John Avery Bertrand, who as a member of the state school board helped end many electives and adopted stricter graduation standards, died Tuesday, according to a statement released by a funeral home in Crowley. He was 88.
He is survived by his wife, Ella Simar Bertrand, of Crowley, and three daughters.
Bertrand was elected in 1983 to the Board of Elementary and Secondary Education, which sets policy and oversees public schools in Louisiana.
During his 16-year tenure, BESE adopted stricter graduation rules calling for more meaningful English and math courses, and eventually required graduates to take a test before receiving their diploma.

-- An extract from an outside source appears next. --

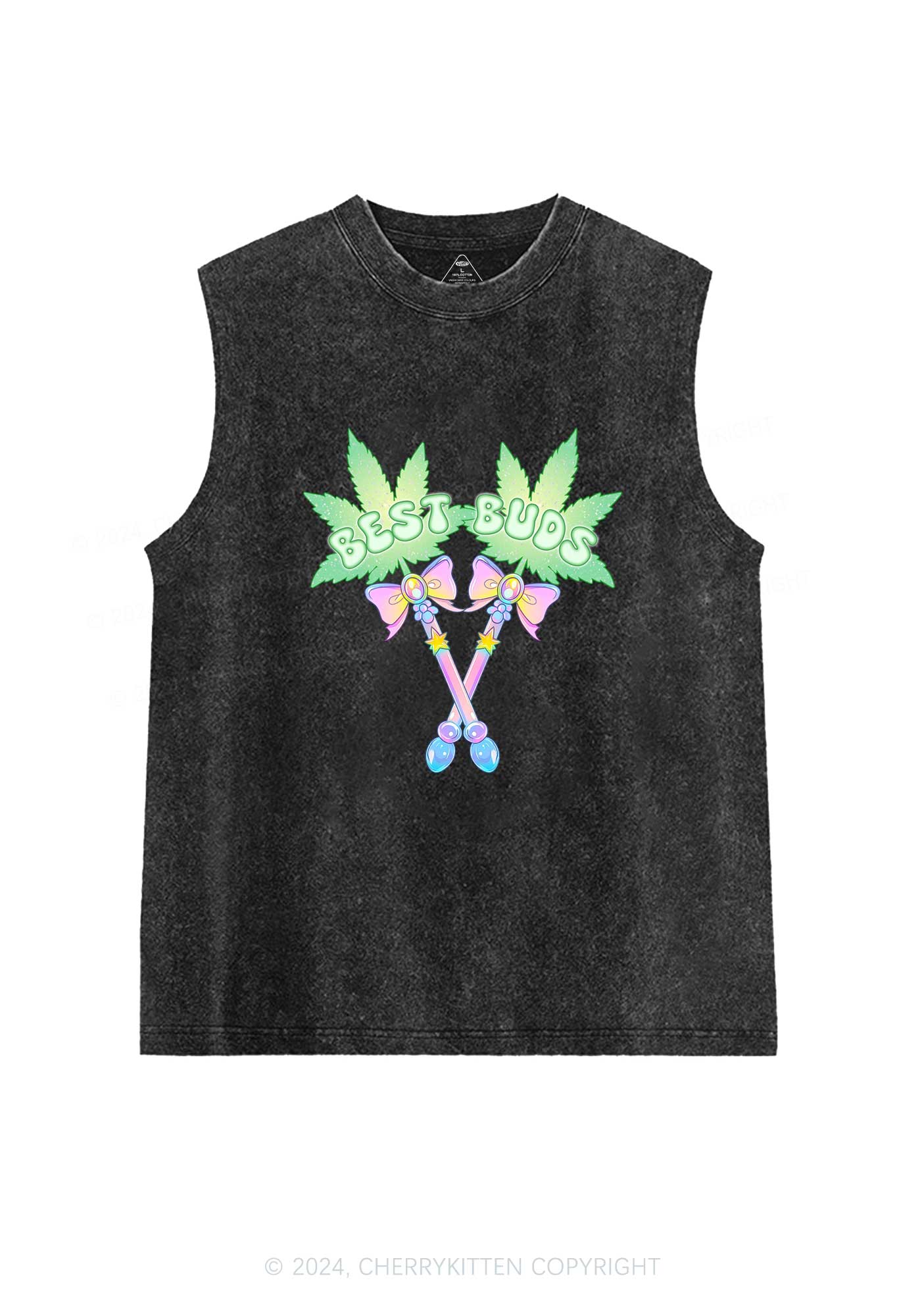 Best Buds Y2K Washed Tank Cherrykitten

In 1999, Bertrand said he was proud of ending many high school electives in 1980s. “We did away with basket weaving and all those silly electives,” Bertrand told The Advocate at the time.

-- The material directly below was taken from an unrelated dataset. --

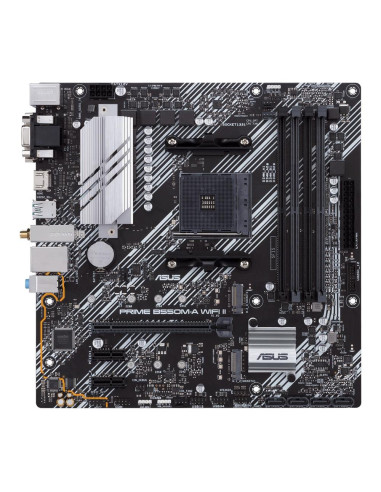 Placa base asus prime b550m - a wifi ii socket am4 ddr4x4 max 128gb 3200mhz d - sub hdmi dvi - d matx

He served on BESE, often as president, until 2000.
Bertrand left a job as a carpenter’s helper and earned a degree in education using the GI Bill after World War II.

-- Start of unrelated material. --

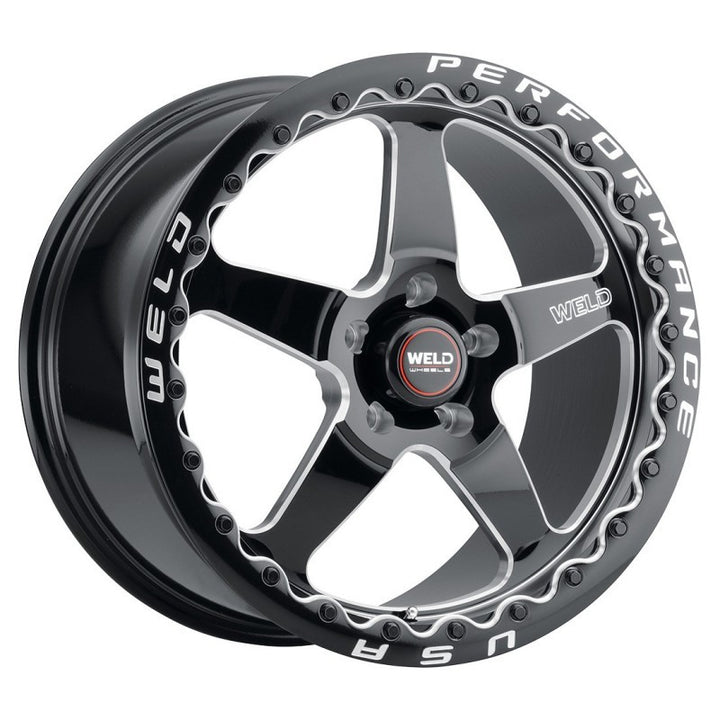 Weld S904 Ventura Beadlock Wheel – 18x10 5x115 ET30 BS6.70 Gloss Black Mill DIA 78.1 (904) - OneFastShop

His first job was teaching 50 seventh-graders in Rayne. He taught all the subjects: math, English, reading and writing. He taught elementary school, junior high, high school and college.
He went on to work 13 years as a principal and, starting in 1965, was superintendent of Acadia Parish schools for 19 years.
Between 1988 and 1995, Bertrand also was chairman of Council for the Development of French in Louisiana. CODOFIL works to preserve the French language and culture in Louisiana.
Visitation will be Thursday at Geesey-Ferguson Funeral Home in Crowley. The funeral will be Friday at St. Michael the Archangel Catholic Church in Crowley.